On my return, the Hon. W. M. Browne, Assistant-Secretary of State, came to visit me—a cadet of an Irish family, who came to America some years ago, and having lost his money in land speculations, turned his pen to good account as a journalist, and gained Mr. Buchanan’s patronage and support as a newspaper editor in Washington. There he became intimate with the Southern gentlemen, with whom he naturally associated in preference to the Northern members; and when they went out, he walked over along with them. He told me the Government had already received numerous—I think he said 400—letters from shipowners applying for letters of marque and reprisal. Many of these applications were from merchants in Boston, and other maritime cities in the New England States. He further stated that the President was determined to take the whole control of the army, and the appointments to command in all ranks of officers into his own hands.
There is now no possible chance of preserving the peace or of averting the horrors of war from these great and prosperous communities. The Southern people, right or wrong, are bent on independence and on separation, and they will fight to the last for their object.

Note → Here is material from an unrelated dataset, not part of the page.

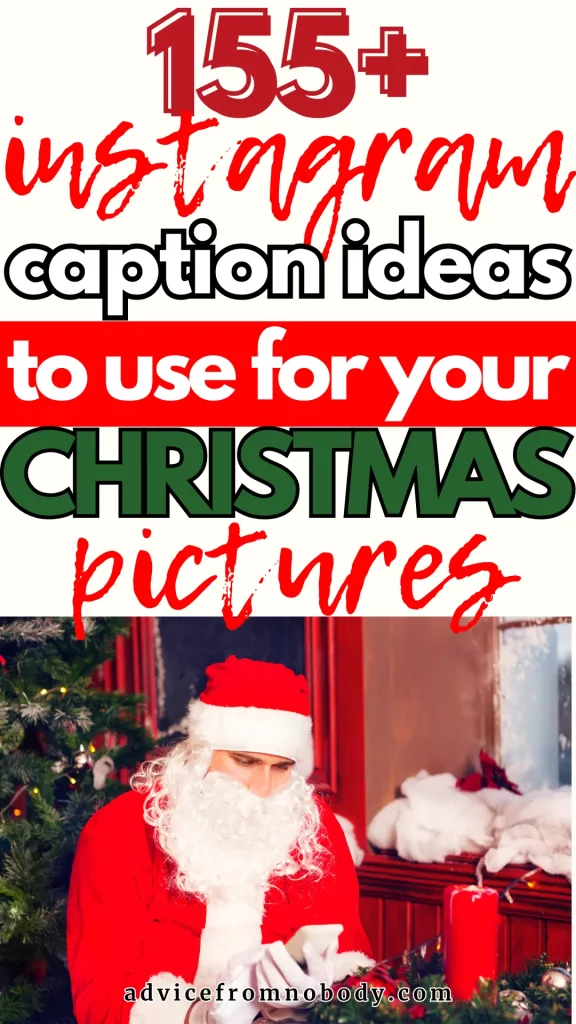 155 Instagram caption ideas to use for your Christmas pictures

The press is fanning the flame on both sides: it would be difficult to say whether it or the telegraphs circulate lies most largely; but that as the papers print the telegrams they must have the palm. The Southerners are told there is a reign of terror in New York—that the 7th New York Regiment has been captured by the Baltimore people—that Abe Lincoln is always drunk—that General Lee has seized Arlington heights, and is bombarding Washington. The New York people are regaled with similar stories from the South. The coincidence between the date of the skirmish at Lexington and of the attack on the 6th Massachusetts Regiment at Baltimore is not so remarkable as the fact, that the first man who was killed at the latter place, 86 years ago, was a direct descendant of the first of the colonists who was killed by the royal soldiery. Baltimore may do the same for the South which Lexington did for all the Colonies. Head-shaving, forcible deportations, tarring and feathering are recommended and adopted as specifics to produce conversion from erroneous opinions. The President of the United States has called into service of the Federal Government 42,000 volunteers, and increased the regular army by 22,000 men, and the navy by 18,000 men. If the South secede, they ought certainly to take over with them some Yankee hotel keepers. This “Exchange” is in a frightful state—nothing but noise, dirt, drinking, wrangling.